Dopo la benedizione dei fedeli (il neovescovo ha voluto impartirla anche a coloro che non sono riusciti a entrare in cattedrale), il saluto. Il primo pensiero l’ha rivolto alla famiglia «che mi ha trasmesso la fede con le parole e con l’esempio», al padre Gigi morto 36 anni prima e alla madre Gina, mancata vent’anni fa, ai parenti (tra i nipoti l’ex consigliere regionale Alessandro Corazza), al fratello don Gianfranco, alle parrocchie di San Marco, dove fu battezzato «e dove è sbocciata la mia vocazione», delle Grazie, «dove ho trascorso gli anni giovanili e sono stato ordinato prete» (e qui ha dovuto fermarsi per la commozione), al Cristo Re, «dove ho celebrato la prima messa nello scantinato della scuola di via Goldoni con don Romano Zovatto», al seminario «che è stata la mia scuola di vita», alle parrocchie dove ha operato: Maniago, Porcia, Fiume Veneto ed Orcenico di Sotto. Un «pensiero speciale alle comunità di Concordia, Teson e Sindacale, dove ho raccolto un’eredità impegnativa: sono stati 80 mesi ricchi di esperienza». E poi il grazie agli operatori dei servizi diocesani, che ieri c’erano tutti: la pastorale sociale e del lavoro, Migrantes, Caritas. Qui ho imparato il gioco di squadra, qui ho incontrato il volto di Dio in chi cerca pane, casa, lavoro, accoglienza, affetto». È seguito un minuto di silenzio, per cacciare indietro le lacrime, poi asciugate da un lungo applauso. L’esortazione ai confratelli preti: «Non perdete l’entusiasmo nell’annunciare il Vangelo».

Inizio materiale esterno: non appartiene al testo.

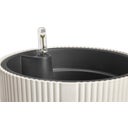all-in-1 Set Topf vibes rund 18 cm inkl. Bewässerungsystem - leinenweiß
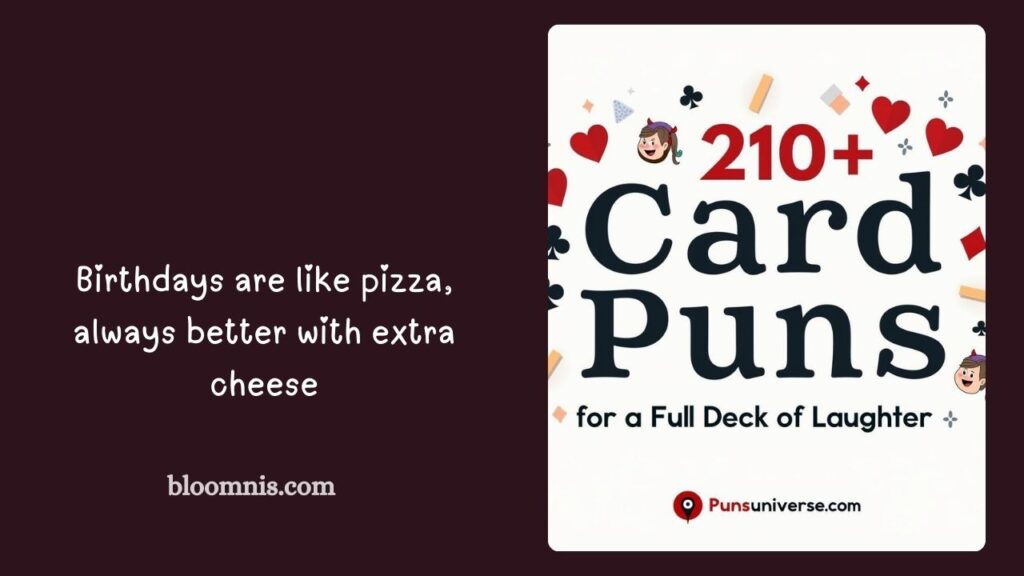 Anniversary Card Puns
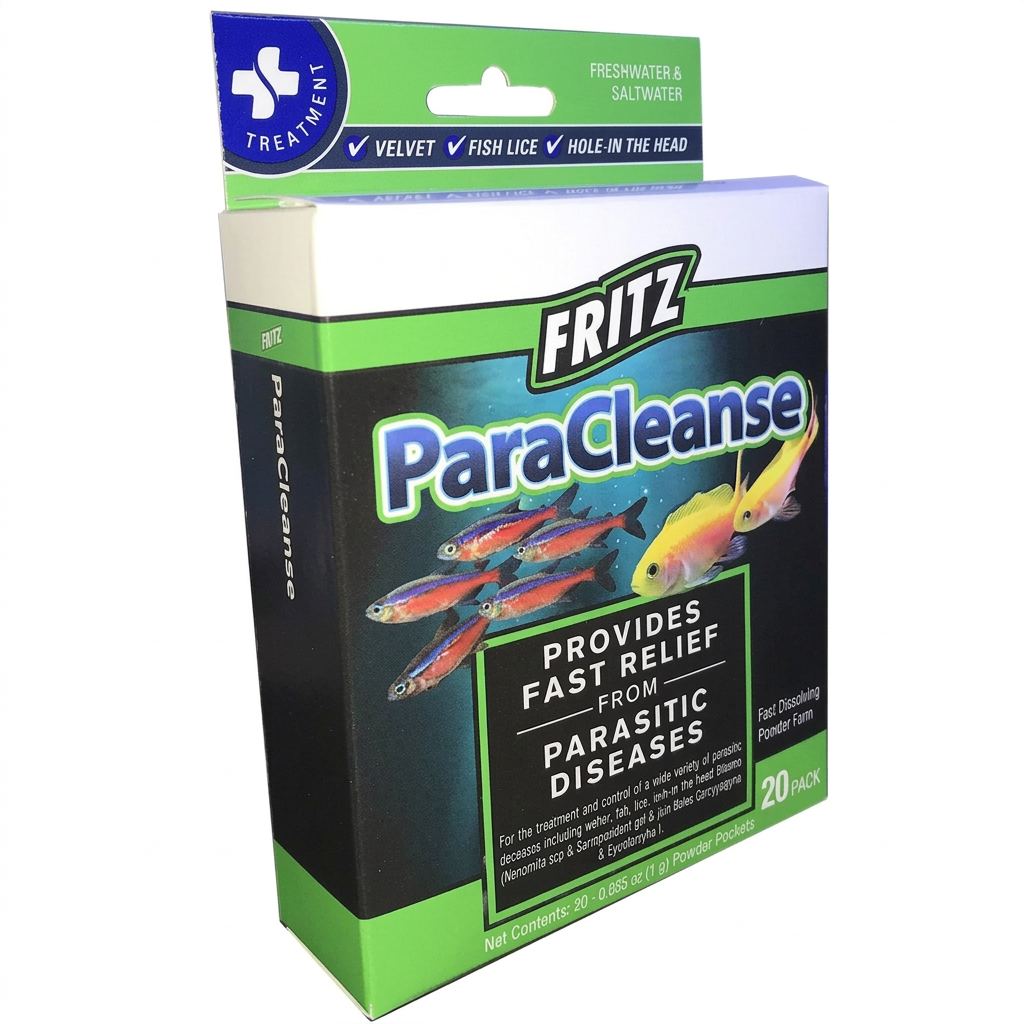 Fritz PraziCleanse 20 Count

Il pensiero della diocesi che lascia, una reliquia dei Santi Martiri di Concordia, consegnata dal vicario generale Orioldo Marson, «dono della memoria e della vita della nostra chiesa». Dopo il rito, i saluti, decine di persone in fila indiana: chi lascia e chi incontra. La pioggia cede il passo al sole. E il neo vescovo si congeda così: «Come si dice in Friuli, mandi! Rimani con Dio».